La carriera di Paoli è all’apice, ma il successo, i guadagni, la crisi con la moglie, le molteplici relazioni sentimentali, l’alcolismo, il senso di colpa per la morte dell’amico Van der Faber, lo disorientano e, l’11 luglio 1963, tenta il suicidio sparandosi un colpo al cuore. Si salva miracolosamente; il proiettile non viene mai estratto.
A tal proposito Paoli dichiarerà: “si trattò di un atto voluto, pensato. Pensavo non ci fosse altro da vivere. La mia canzone “Sapore di sale” era ovunque, ero famosissimo, l’uomo del momento. Paura della noia, della ripetizione. Avevo tre macchine in garage, avevo i soldi, le donne, cosa potevo volere ancora? […] [Il suicidio è] l’unico modo per scegliere: perché le cose cruciali della vita, l’amore e la morte, non si scelgono; tu non scegli di nascere, né di amare, né di morire. Il suicidio è l’unico, arrogante modo dato all’uomo per decidere di sé”.
In seguito al tentato suicidio viene condannato per possesso illegale di arma da fuoco.
Nel 1964 divorzia da Anna Fabbri.
Nello stesso anno partecipa a Sanremo con un certo successo ma è ormai la fine del suo periodo d’oro. Torna a Sanremo nel 1966 ma non arriva in finale, l’album del 1967 ha risonanza limitata.
Nel 1965 si schianta con la sua Ferrari contro un albero. Si allontana dalla scena pubblica, per anni suona solo nei locali; si avvicina alle droghe; esce dalla dipendenza solo alcuni anni dopo.
Nel 1968 decide di smettere, si ritira in Liguria, a Levanto, dove apre un locale in cui invita spesso gli amici musicisti. Non si riconosce nella canzone politica di quegli anni, preferisce parlare di politica indirettamente, attraverso canzoni d’amore che si oppongono alla morale dominante o parlano di un rapporto egualitario fra uomo e donna.
Dopo alcuni anni di silenzio nel 1971 incide una trilogia di album e inizia il suo impegno in politica: diventerà deputato fino al 1992.
Il successo torna a partire dagli anni Ottanta grazie anche a due delle donne della sua vita; prima, nel 1984, con la colonna sonora del film Una donna allo specchio, con Sandrelli, poi, nel 1985, con il tour con Ornella Vanoni.
Nel 1991 “Quattro amici al bar” scala le classifiche, come, l’anno successivo, il brano del film Disney La bella e la bestia, interpretato con la figlia Amanda.
Nel 1996 firma una traduzione di Imagine di John Lennon, che reputa la più bella canzone mai scritta, nell’album Appropriazione indebita.
—–
Bibliografia
Ornella Vanoni, Gino Paoli, Enrico De Angelis.

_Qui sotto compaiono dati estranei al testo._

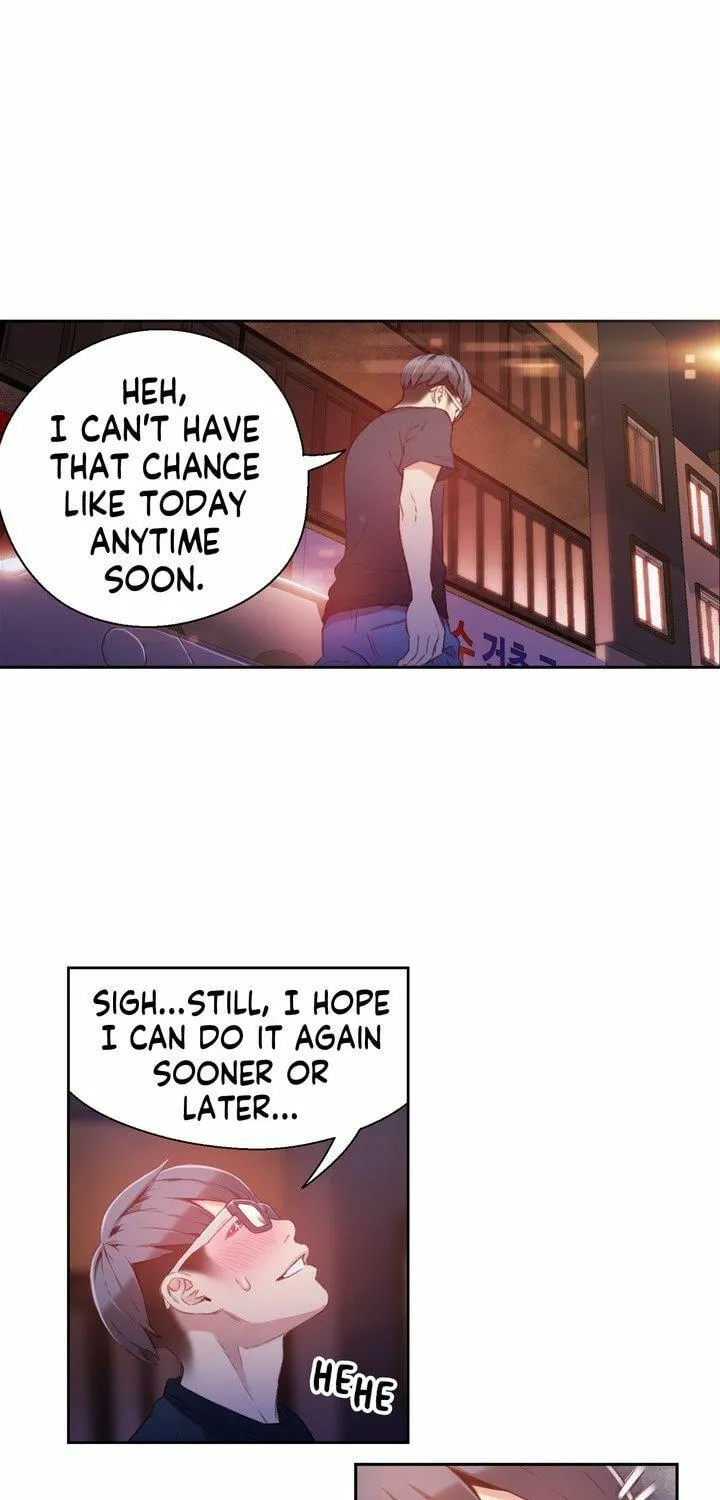 Read Sweet Guy chapter 13 image 40 on Lezhin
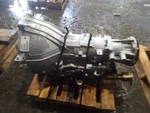Automatic Transmission Heritage 8-330 5.4L Fits 01-04 Ford F150 Pickup 4008021. Fixed Price $519.99.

Noi due, una lunga storia, Milano, Mondadori, 2004.
http://www.ginopaoli.it/ginopaoli/biografia.asp
https://it.wikipedia.org/wiki/Gino_Paolihttps://www.corriere.it/Primo_Piano/Cronache/2005/12_Dicembre/21/paoli.shtml
Di Marianna Orsi (University of Hawaii at Manoa)

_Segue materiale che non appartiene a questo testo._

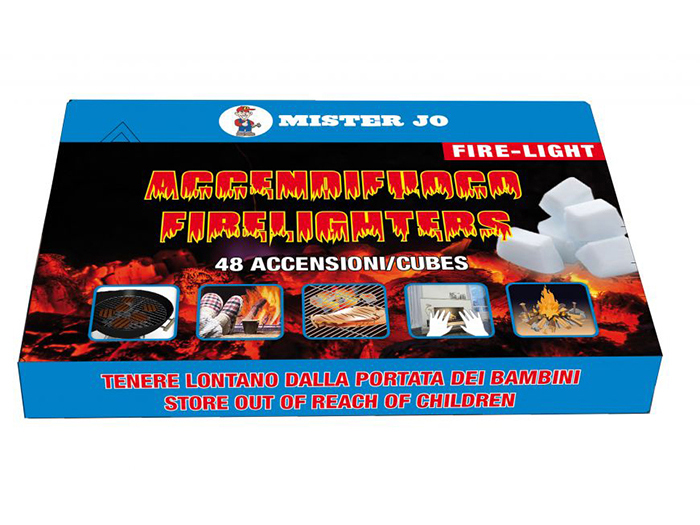 fire-starter-cubes-pack-of-48-white-blocks
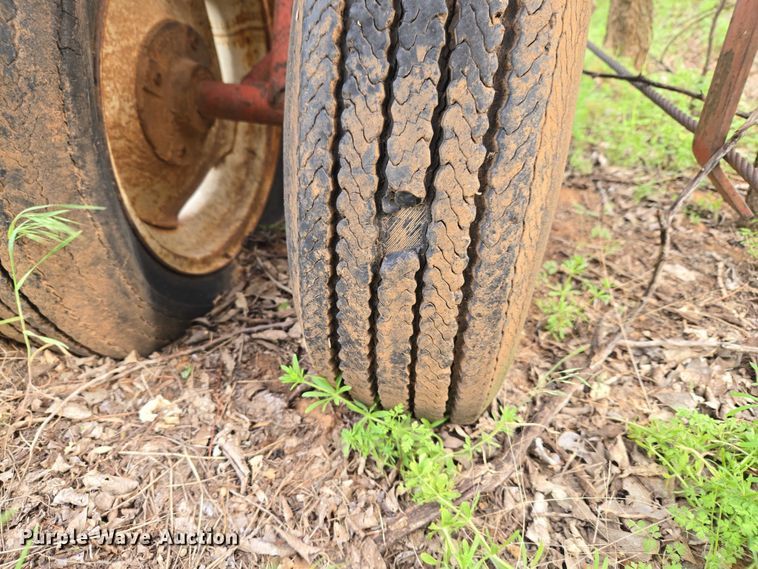 image for item ET1301 Chisel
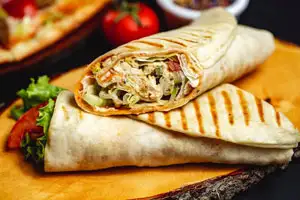 Riyadh Street Food: A Hidden Gem for Foodies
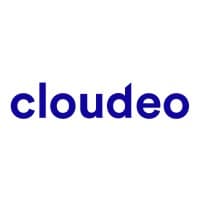 cloudeo ag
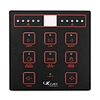 membrane switch manufacturer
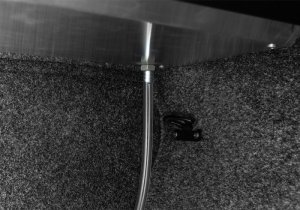 Ford F-150 Tonneau Cover - Roll-N-Lock - E-Series Retractable - `21-`25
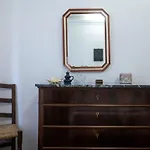 080 - La Storica Il Vigneto 45b, Terrazza Sul Mare - Parcheggio Privato Gratis *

Nel 1960, un timido e ancor poco noto Gino Paoli esegue Il cielo in una stanza per un discografico, che ascolta e sentenzia che il pezzo non avrebbe mai funzionato. Paoli ringrazia e se ne va.
Il paroliere Mogol, però convince Mina a incidere il pezzo e il successo è immediato.

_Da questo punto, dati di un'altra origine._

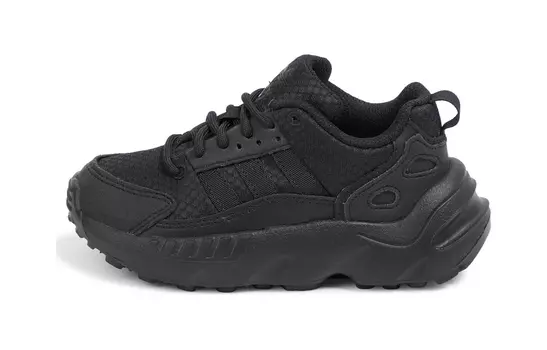 Детские кроссовки adidas originals ZX 22 PS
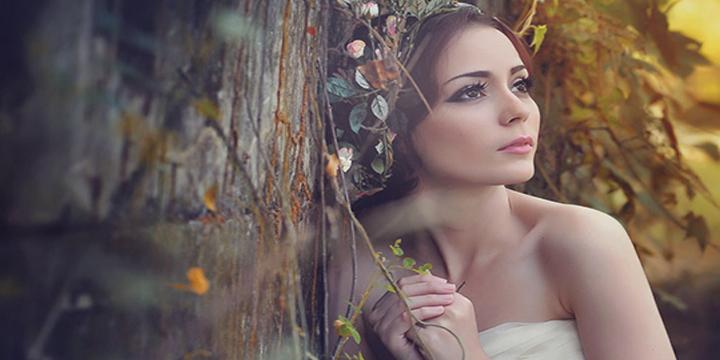 Top 3 nàng giáp “khó cưa” nhất quả đất | Tử Vi Cổ Học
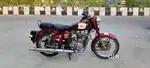 ROYAL ENFIELD CLASSIC 350 FOR SALE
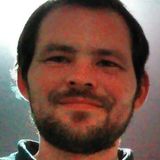 Jaber from Herkimer | Man | 37 years old | Cancer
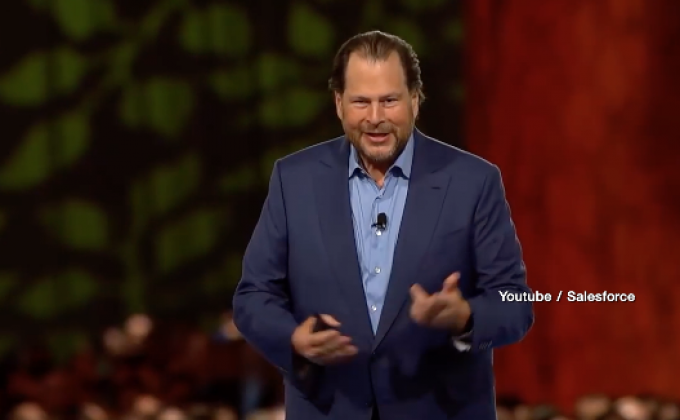 ​เศรษฐีสหรัฐฯ ซื้อนิตยสารไทม์ 6.2 พันล้านบาท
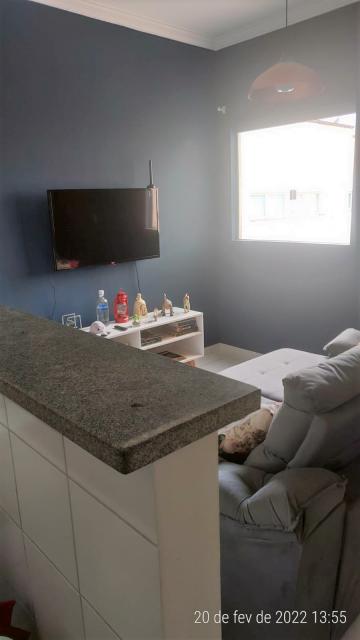 imagem 3 - Apartamento à venda no Bairro Jardim Holanda imagem 3 - Apartamento à venda no Bairro Jardim Holanda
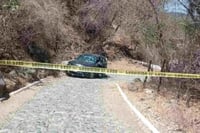 Procesan a 13 militares por asesinato de dos niñas en Sinaloa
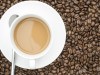 The Dangers Chocolate, Raisins, Grapes and Caffeine Present to Dogs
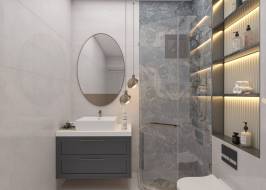 F_EBEVEYN_BANYO_original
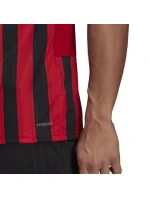 Pánské zápasové tričko 21 M GV1381 - Adidas Pánské zápasové tričko 21 M GV1381 - Adidas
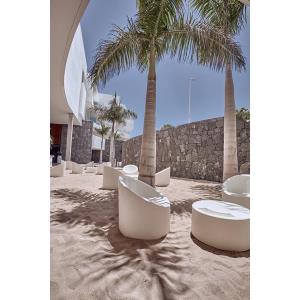 BAOBAB SUITES HOTEL - Alojamientos en COSTA ADEJE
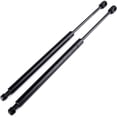 thumbnail image 1 of ECCPP Rear left and right Trunk Lift Support Fit for 2005-2010 for Scion tC Replaces 4597 819-6484 2pcs, 1 of 6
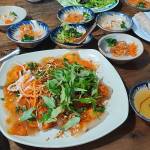 hữu phương Profile Picture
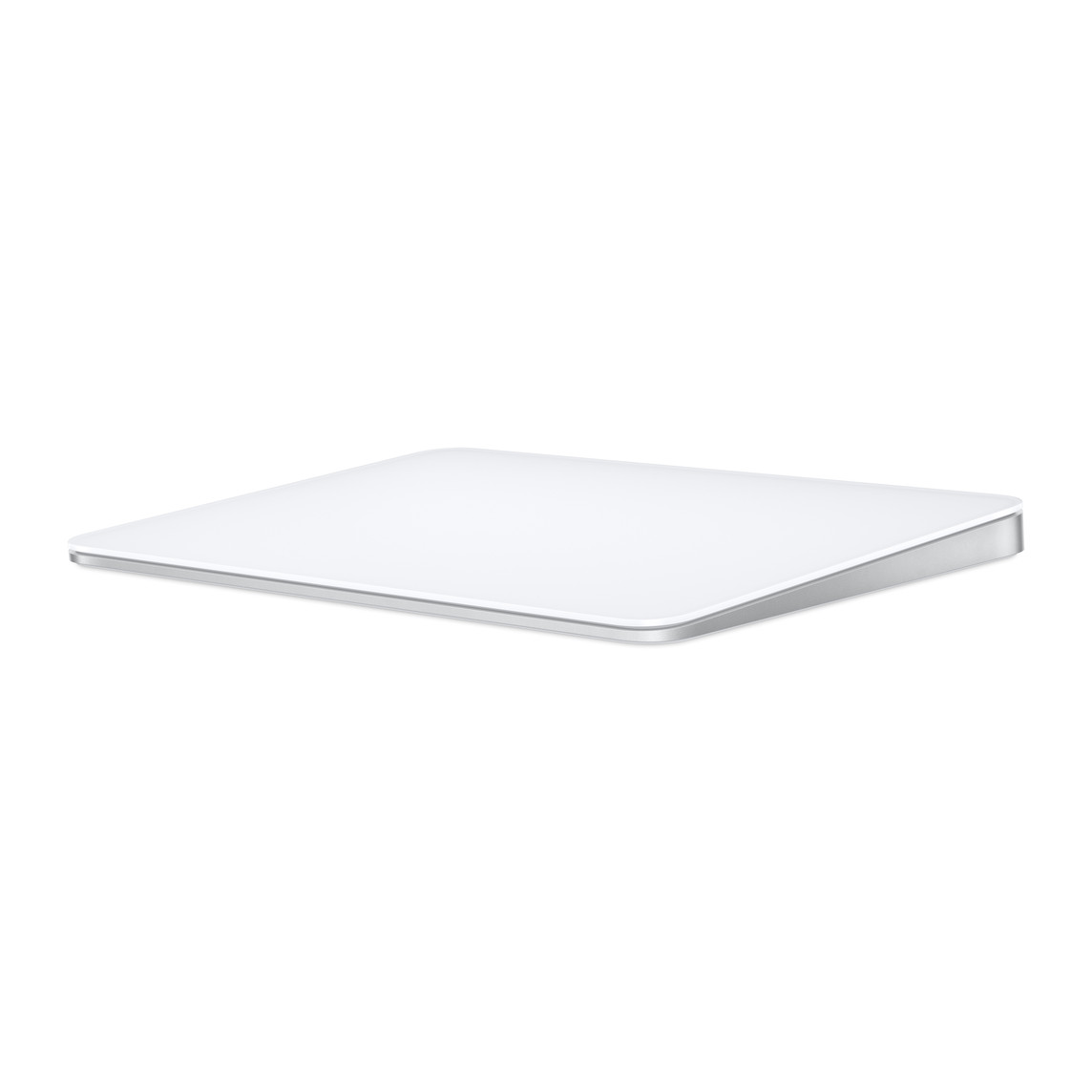 Apple Magic Trackpad White (MXK93Z/A) thumbnail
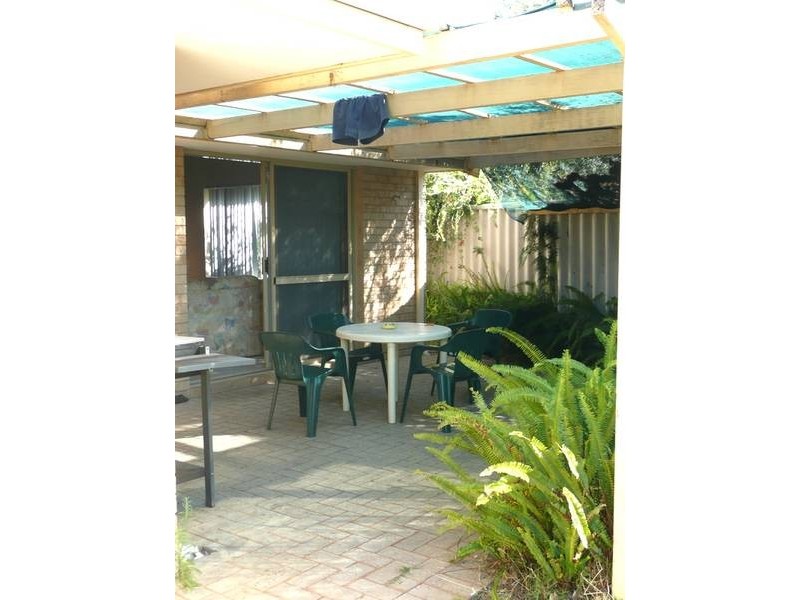 18A Tulipwood Place, South Lake WA 6164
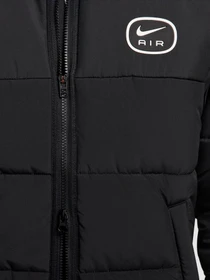 Куртки и дубленки NIKE M Nsw Sw Air Syn Fill Jkt модель HM0198-011 Фото
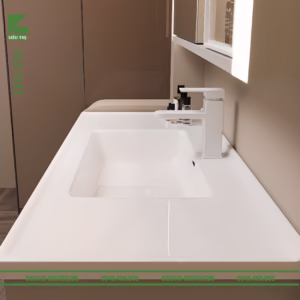 Tủ lavabo nhà vệ sinh fm 270002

Canzone d’amore in linea con i toni intimisti della nascente Scuola genovese e, almeno in apparenza, non lontana dai modi dell’imperante canzone d’evasione, per molti descrive un sentimento etereo, incorporeo, spirituale. Il fatto che a interpretare il brano fosse una donna rafforza la teoria; come afferma lo stesso Paoli, infatti, a quel tempo, alle donne delle canzoni non spettava un ruolo attivo specialmente nella relazione amorosa.
La canzone, in effetti evita di descrivere la coppia di amanti e le loro azioni, secondo la tradizione retorica della reticenza; si sofferma sull’ambiente che li circonda e sulla forza dell’amore che travolge tutto, sfonda le pareti e li trasporta in un’altra dimensione.
Le intenzioni di Paoli, però, erano tutt’altre e Il cielo in una stanza è un testo, a suo modo, rivoluzionario.
Allo stile della canzonetta degli anni Cinquanta, al suo linguaggio letterario, artificiale, fitto di troncamenti, assonanze, rime (cuor, amor, dolor…), Paoli oppone uno stile essenziale, autentico. Agli spazi stereotipati della canzonetta, i mari del sud, i loci amoeni evocati con formule trite e vuote (prati in fiore, cieli stellati…), oppone uno spazio realistico e quotidiano. Al tema dell’amore consacrato dal matrimonio, onnipresente come supremo obiettivo nella canzone degli anni Cinquanta, Paoli oppone un amore effimero, extra-coniugale ma estatico.
La stanza in questione, infatti, come può far supporre il soffitto viola, è quella di un bordello, con tanto di specchio sul soffitto. Prima dell’approvazione della Legge Merlin nel 1958, infatti, in Italia erano presenti più di cinquecento bordelli e Genova, città portuale, era famosa per le sue vie a luci rosse (presenze fisse nelle canzoni di De André). Da adolescenti, Paoli e i suoi amici frequentavano spesso le case chiuse, anche solo per giocare a dama con le signorine, non avendo i soldi per pagare.
A proposito de Il cielo in una stanza, Paoli dichiara: “Inizialmente […] fu interpretato come una sorta di amore mistico, quasi cattolico, slegato dalla realtà, senza riscontri fisici. Io invece ero partito proprio dall’idea opposta: […] l’atto d’amore […] è una sorta di messa […], squarcia il tetto e ti fa vedere il cielo […], ti proietta in una realtà superiore […] [è] un sacrificio umano talmente straordinario da aprire qualsiasi porta, qualsiasi tetto, fino a far diventare la brutta stanza di un casino una cattedrale con gli alberi che toccano il cielo. È l’unico momento in cui un uomo non è più se stesso, ma esce da sé ed esplode nell’universo” (da Ornella Vanoni, Gino Paoli, Enrico de Angelis, Noi due, una lunga storia, Milano, Mondadori, 2004, pp. 55-57). L’armonica, invece, rivela Paoli, l’aveva suonata al matrimonio di suo nonno Gino, sposatosi in tarda età: “Quella canzone è la celebrazione di un rito, di un officio, di qualcosa di sacro come è fare l’amore. Il riferimento all’armonica ci stava bene” (http://www.ginopaoli.it/ginopaoli/biografia.asp).
Per Paoli il tema amoroso non è affatto disimpegnato, anzi, è la sua peculiare forma di impegno politico: opporsi alla morale dominante, alla visione angelicata della donna unicamente moglie-madre-oggetto amato, promuovendo l’eguaglianza di genere, dando voce all’amore non conforme.